• [Task to complete]: Retype, exactly as they appear below, the lines between the line holding "Spacieux et lumineux" and the line holding "Building Photo - Charming", both ends included.

• [Information given]:
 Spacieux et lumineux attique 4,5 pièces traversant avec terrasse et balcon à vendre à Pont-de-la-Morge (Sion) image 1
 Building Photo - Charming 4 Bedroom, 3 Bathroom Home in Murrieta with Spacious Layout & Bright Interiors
---
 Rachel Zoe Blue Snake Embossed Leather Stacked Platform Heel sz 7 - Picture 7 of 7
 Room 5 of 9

• [Output below]:
 Spacieux et lumineux attique 4,5 pièces traversant avec terrasse et balcon à vendre à Pont-de-la-Morge (Sion) image 1
 Building Photo - Charming 4 Bedroom, 3 Bathroom Home in Murrieta with Spacious Layout & Bright Interiors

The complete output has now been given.